What exactly is rough and tumble play? It is when 2 or more children engage in a physical situation. For toddlers, this may mean that they are crawling onto each other or lying on each other. For nursery children, they could be having a wrestle or a light push and pull. For preschoolers, they could be pretending to be engaging in a fight where they are chasing or grappling with each other. In this physical situation, neither party is in a position where they feel uncomfortable or forced and instead are enjoying it as they see it as part of their playing together. While it is more common among boys, not all boys will be open to such play. On the other hand, girls do not really engage in rough play but some girls may be more rough than others. Therefore, this is an activity that will not be engaged by all preschoolers and it is important that the children involved in rough play respect this and do not attempt to engage other parties who do not enjoy it as the rough play will then become a real fight in their eyes.
Due to its similarities to a real fight and that physicality is involved, rough play is often deemed in a negative light. Adults may tend to step in quickly thinking to stop before someone gets hurt.

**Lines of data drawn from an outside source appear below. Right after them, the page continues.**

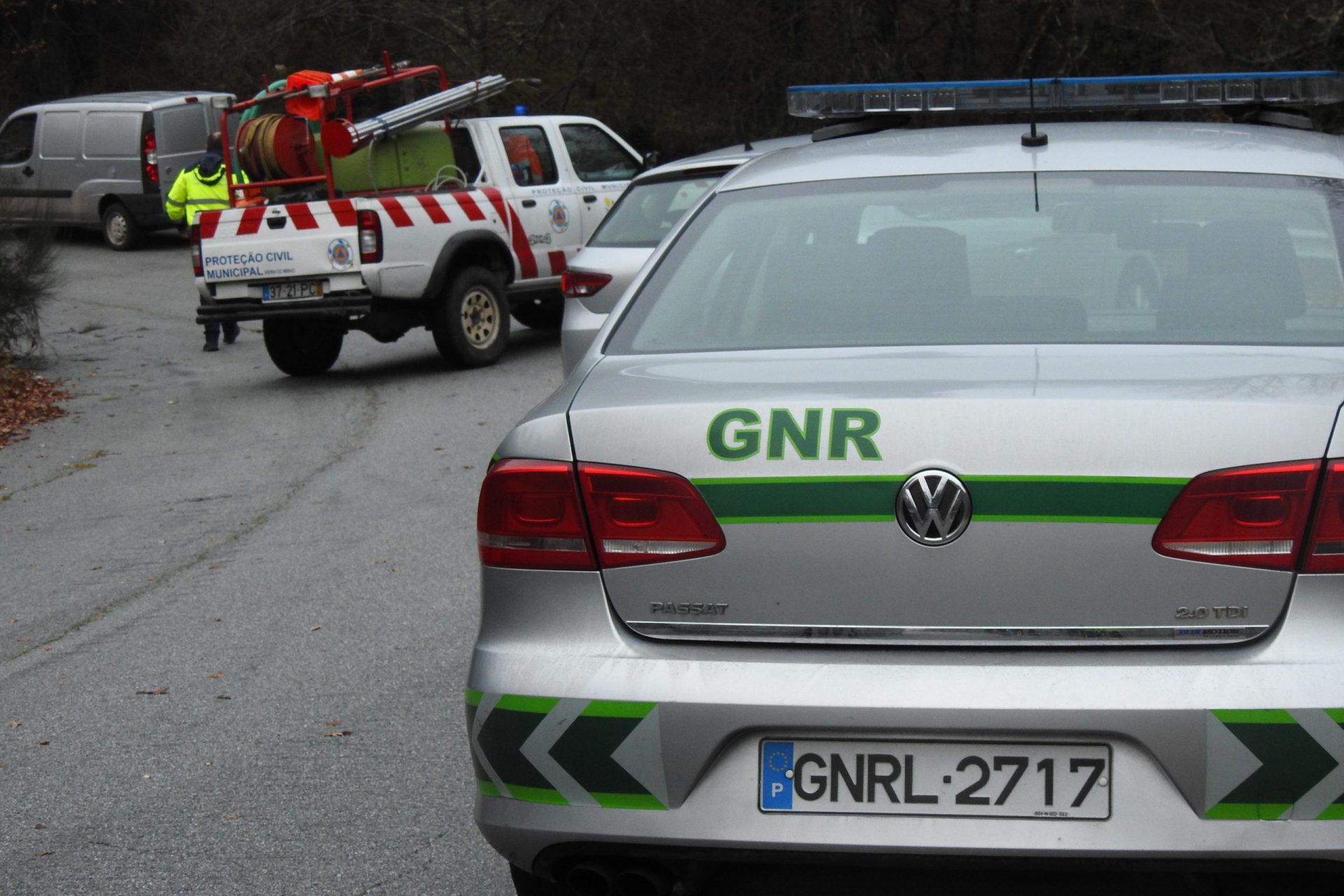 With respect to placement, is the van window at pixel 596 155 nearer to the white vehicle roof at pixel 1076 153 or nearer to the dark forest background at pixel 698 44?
the dark forest background at pixel 698 44

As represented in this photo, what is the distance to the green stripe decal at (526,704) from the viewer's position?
299 cm

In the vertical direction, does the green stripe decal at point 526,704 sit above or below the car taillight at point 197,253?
above

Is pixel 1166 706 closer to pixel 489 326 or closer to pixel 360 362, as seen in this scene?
pixel 489 326

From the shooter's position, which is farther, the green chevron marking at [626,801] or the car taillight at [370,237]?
the car taillight at [370,237]

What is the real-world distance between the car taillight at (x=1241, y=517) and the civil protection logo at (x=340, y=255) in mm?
10969

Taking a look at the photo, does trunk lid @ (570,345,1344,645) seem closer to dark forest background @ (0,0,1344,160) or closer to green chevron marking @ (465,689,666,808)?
green chevron marking @ (465,689,666,808)

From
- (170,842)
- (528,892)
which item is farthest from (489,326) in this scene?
(528,892)

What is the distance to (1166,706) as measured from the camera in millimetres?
2730

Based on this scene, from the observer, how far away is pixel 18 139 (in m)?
27.3

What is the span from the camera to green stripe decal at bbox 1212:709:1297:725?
8.90 feet

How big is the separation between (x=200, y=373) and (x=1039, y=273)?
12282 mm

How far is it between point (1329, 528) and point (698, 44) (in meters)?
23.0

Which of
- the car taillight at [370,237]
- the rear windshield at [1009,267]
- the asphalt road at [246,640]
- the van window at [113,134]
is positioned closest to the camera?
the rear windshield at [1009,267]

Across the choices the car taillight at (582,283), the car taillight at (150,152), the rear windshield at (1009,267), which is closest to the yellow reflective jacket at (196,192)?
the car taillight at (582,283) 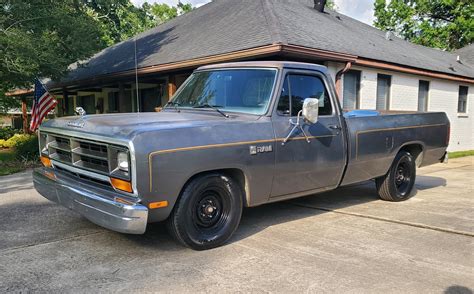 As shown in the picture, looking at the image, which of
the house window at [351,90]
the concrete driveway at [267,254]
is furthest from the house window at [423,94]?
the concrete driveway at [267,254]

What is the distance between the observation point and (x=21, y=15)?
11.2 meters

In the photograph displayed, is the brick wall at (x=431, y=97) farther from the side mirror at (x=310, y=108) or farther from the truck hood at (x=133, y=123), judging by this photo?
the truck hood at (x=133, y=123)

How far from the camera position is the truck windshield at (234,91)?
188 inches

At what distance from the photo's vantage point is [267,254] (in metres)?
4.15

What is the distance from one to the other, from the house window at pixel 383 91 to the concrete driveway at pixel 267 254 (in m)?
7.89

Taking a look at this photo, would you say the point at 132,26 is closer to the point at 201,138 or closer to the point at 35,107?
the point at 35,107

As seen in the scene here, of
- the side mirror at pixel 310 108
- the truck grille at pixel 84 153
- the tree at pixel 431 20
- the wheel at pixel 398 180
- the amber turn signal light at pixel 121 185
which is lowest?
the wheel at pixel 398 180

However, what rough play provides is an opportunity for children to expend some of their pent-up energy, while at the same time, through their interactions with others, they also learn how to use their strength appropriately. They will therefore get to learn about the difference between pretend play and real fighting.
This, in fact, helps to reduce the amount of injuries they may have as they learn how to control their strength to prevent others or themselves from getting hurt. Having these push and pull opportunities with another child also allows preschoolers to understand more about the social interaction between people in a different setting. They will better learn about the different boundaries that people have and learn how to respect others’ decisions, those who may not want to be involved or when someone else calls to stop.
Stopping toddlers and preschoolers early in a rough and tumble play would be taking away the opportunity for these young children to learn. Of course there are times where the rough and tumble play may turn into real fighting. While there may be very obvious signs when that happens, such as crying, if at any point you feel the interaction between the children is inappropriate, you can ask them if they are still having fun or not.
Constant check-in may disrupt their play and constant adult supervision may also make it difficult for them to engage in rough play so do make sure to still give children the appropriate amount of space for them to determine when they want to stop. Instead of having adults interfere, as children learn more through rough play, they will also learn how to interfere when they see others in a bad situation and be the ones to help their fellow preschoolers.
Many times, the first rough play that toddlers and preschoolers have may be the ones that they have with their parents, mostly fathers, as mothers tend to be more cautious about such play that may seemingly lead to injuries or bodily harm. This would usually occur more with boys than with girls too.
The rough play between parent and child is different from that between children, firstly due to the difference in size and secondly due to the difference in the understanding and control. Parents can therefore be a good role model to their children when it comes to rough play.
Through the interactions with the adult, this is where they can learn about the settings of a rough play, learn how to make the rules and follow these rules to ensure that the play can still take place in an enjoyable manner. They will also take cues on how to stop others from continuing and how the other party respects their decision. When the parent gives autonomy to the child during such play, this helps them to make use of decision-making skills and learn to be responsible for their decisions too.
Toddlers and preschoolers can then use these various understandings in future when they engage in rough play with other children.